Loki stilled instantly, staring at her with wide eyes.

Adelaide's stomach did a flip, all fumble and no grace.

"You need to go." He said abruptly.

"What? Why-"

"You remember what you promised me, don't you?" He cut her off, his voice losing some control. She registered fear very clearly on the face she remembered as being pretty, but now very plainly saw was quite handsome. "Please, Arwen, you need to go. Now."

Something about the way he pleaded with those ridiculously green eyes told her, more than her gut, that he was serious. That there was reason to be afraid.

She closed her eyes, painfully tight to shut out the intensity. When she opened them, she sat up with a strangled noise to the room she never bothered to unpack.


Adelaide was going to wait until morning. There was no reason to wake her parents up for this, and there was no way she was going to be getting any sleep tonight. They weren't any more equipped to deal with this than she was, and tomorrow she could ask the closest thing to an expert.

But the decision was out of her hands. At 3:24 AM, as her alarm clock proudly told her, her door bell rang.

She beat her parents to the front door by five minutes, and, really, shouldn't have been surprised to see Amelia Salvador-Randall standing there with her daughter Selina in toe. As the parents talked, Adelaide tried to explain to Selina what had transpired. Selina attempted understanding, though something in her eyes told Adelaide she was as much at a loss for an answer. The look of unease set on Selina's face was not concealed, nor was it absent from her mother's when Amelia returned to speak with them.
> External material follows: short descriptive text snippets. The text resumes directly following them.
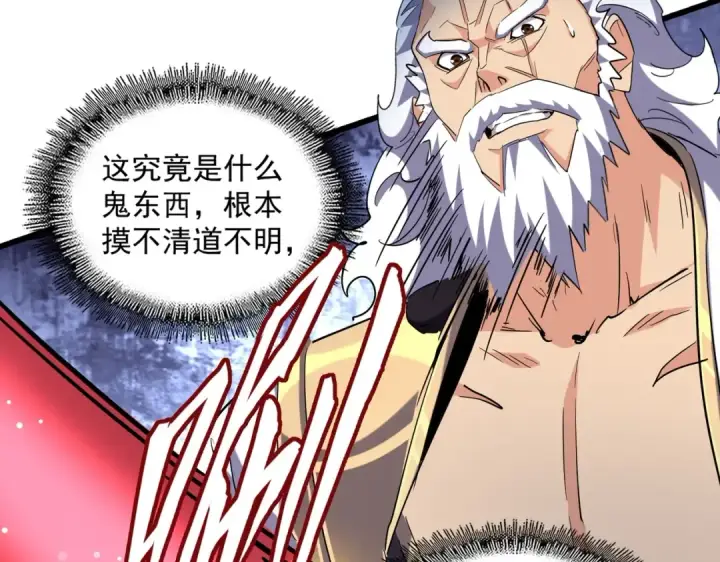 《魔皇大管家》第264话 有你们几个好果子吃图42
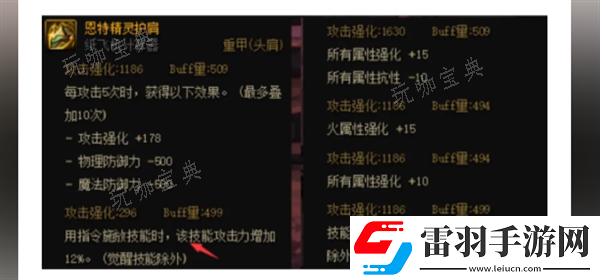 dnf恩特護(hù)肩完美詞條如何樣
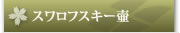 スワロフスキー壷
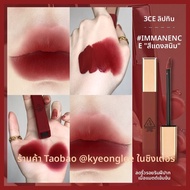 3ce เวลเวท แมท ลิป เกลซ IMMANENCE Rust Red Lipstick ลื่น Colorful สีขาว Enhancing Lip Makeup เครื่อง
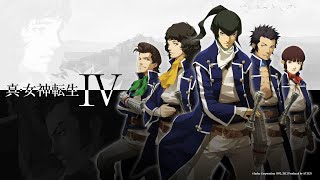 3DS Shin Megami Tensei IV  No Commentary Full Playthrough Part 17 [upl. by Hewitt]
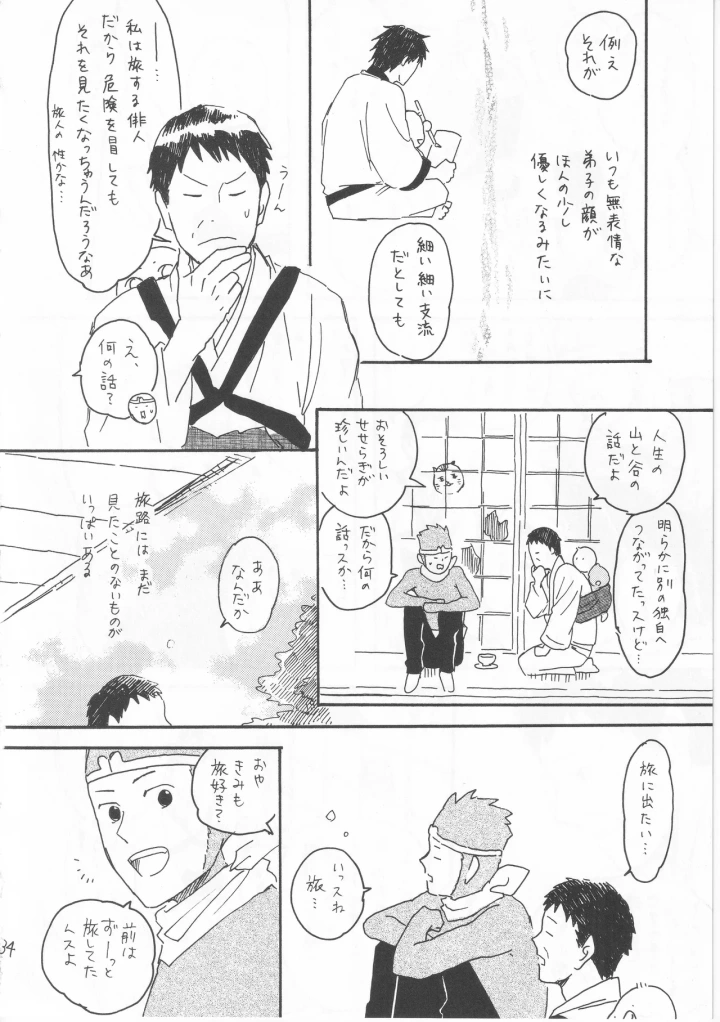 マンガ34ページ目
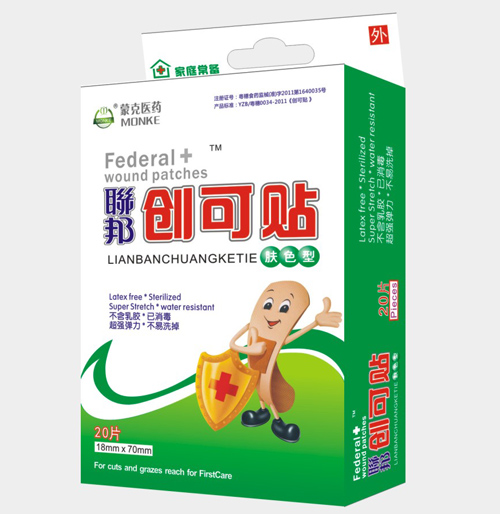 ���wɫ�̈́����N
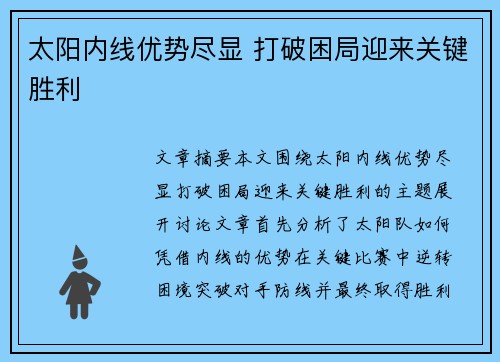 太阳内线优势尽显 打破困局迎来关键胜利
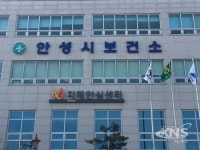 안성시보건소 치매안심센터, 치매공공후견인 모집나서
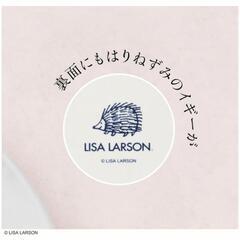 リサ・ラーソン 
磁器のお皿 2枚セットの画像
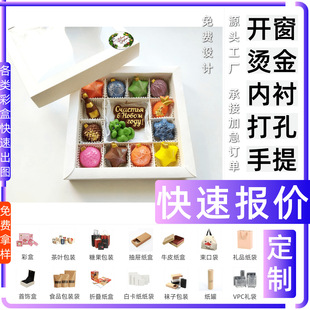 �ʺж��ƿ��و�r ���С�m�����b�� ˮ���Y������ ��׾�ƿ ����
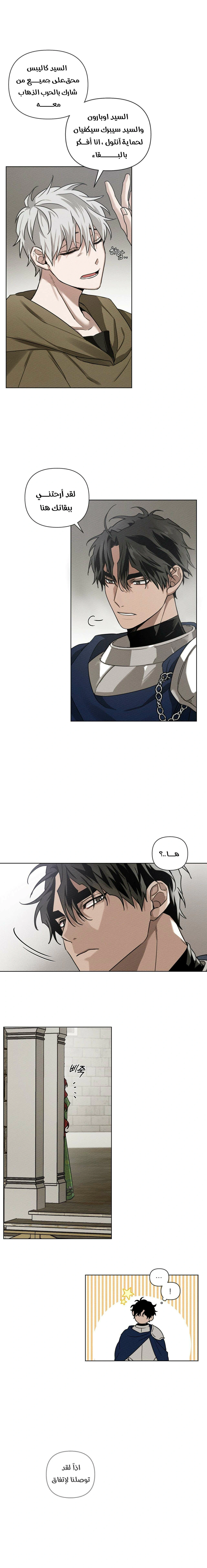 Read Under the oak tree AR Manga Online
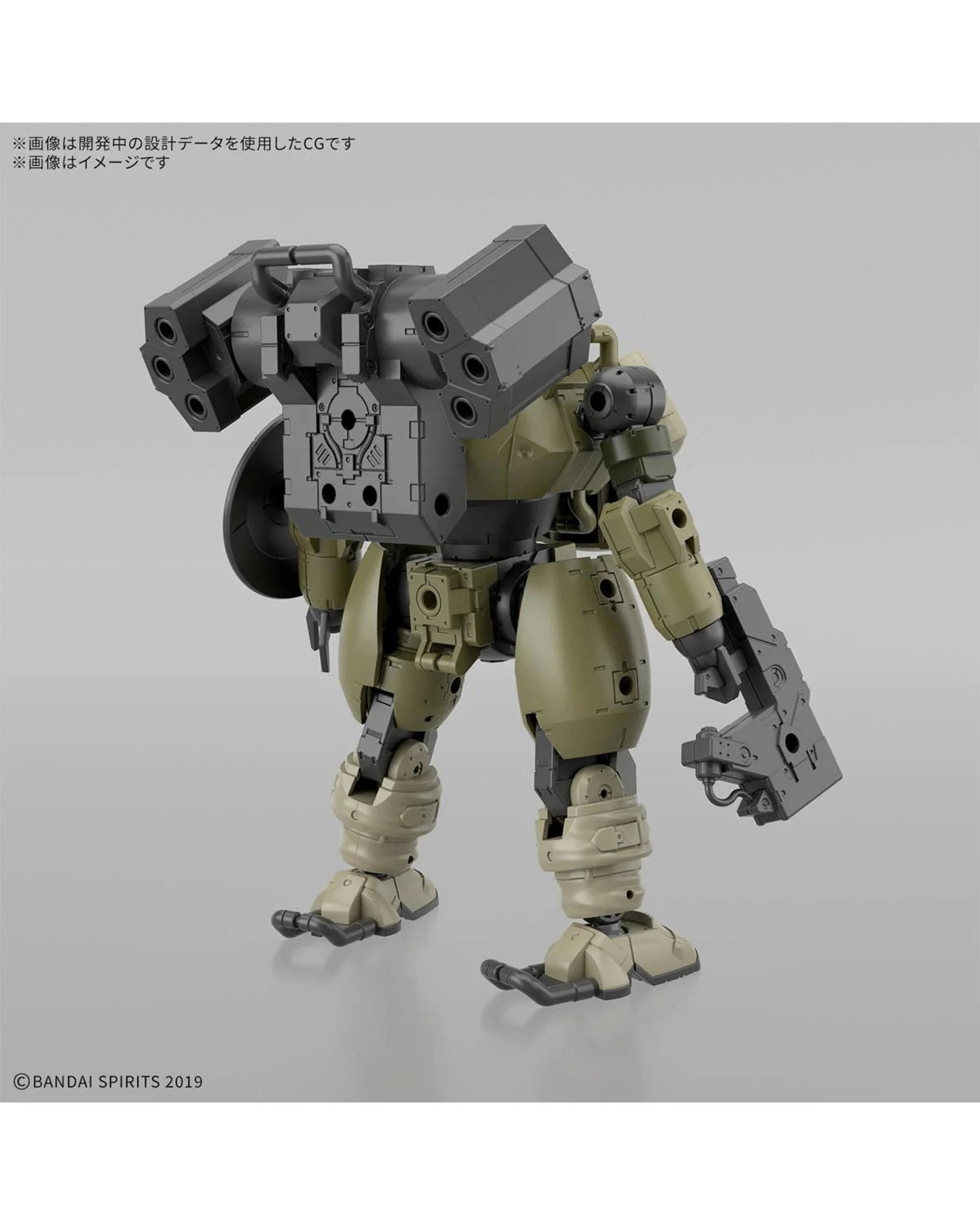 5 Bandai 30MM bEXM-6 Roundnova I 1/144 Model Kit, 5 of 9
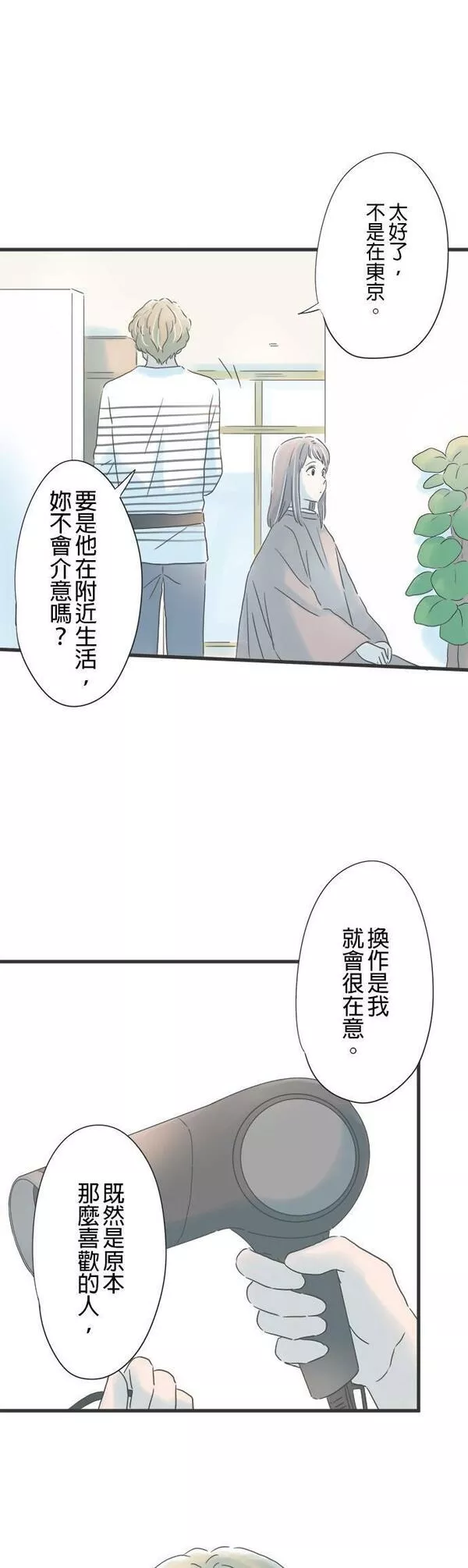 重要的日子总是雨漫画,第150话 转换心情36图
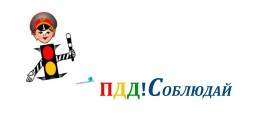Профилактика детского дорожно-транспортного травматизма Профилактика детского дорожно-транспортного травматизма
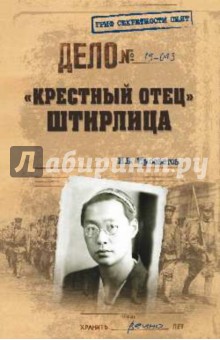 Иван Просветов - "Крестный отец" Штирлица обложка книги Иван Просветов - "Крестный отец" Штирлица обложка книги
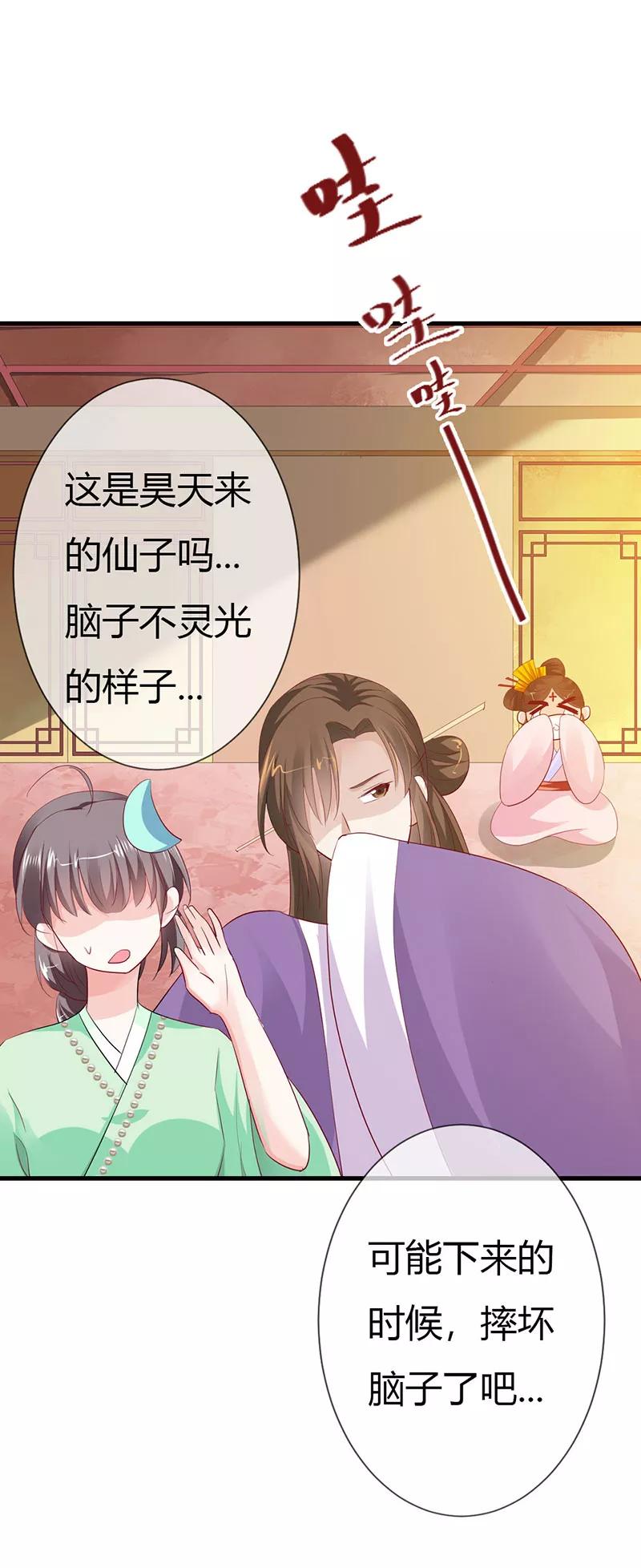 第3季最终话昊天复命-这个神兽有点萌系列之通天嗜宠-左岸卡漫（第24张）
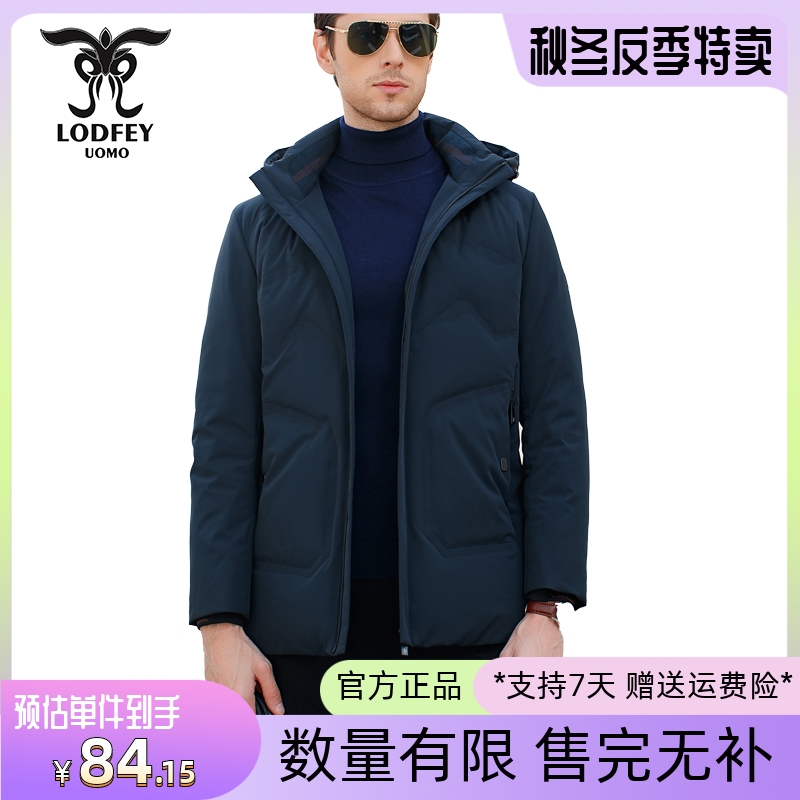 龙达飞冬季男士商务休闲羽绒服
"Addy," Amelia began gently, trying to keep anything negative from her voice even as her face pulled tight. "I'm going fix this. It won't hurt, I promise." She assured quickly at Adelaide's wide eyes. "But this is… too much. I'm going to help you forget."

Adelaide felt panic surge through her. "No! If I forget-"

"Sssh, don't worry. Trust me." Amelia soothed, putting a hand on the girl's shoulder. "If you remember any of it, you might be tempted back. I have to take it away, so you won't feel the pull again."

When she awoke the next morning, true to Amelia's word, Adelaide remembered none of it. She did not recall wondering into another's dreams, nor the seal Amelia had placed on her to keep the memories locked away until she could properly control it.

Adelaide once again forgot her promise.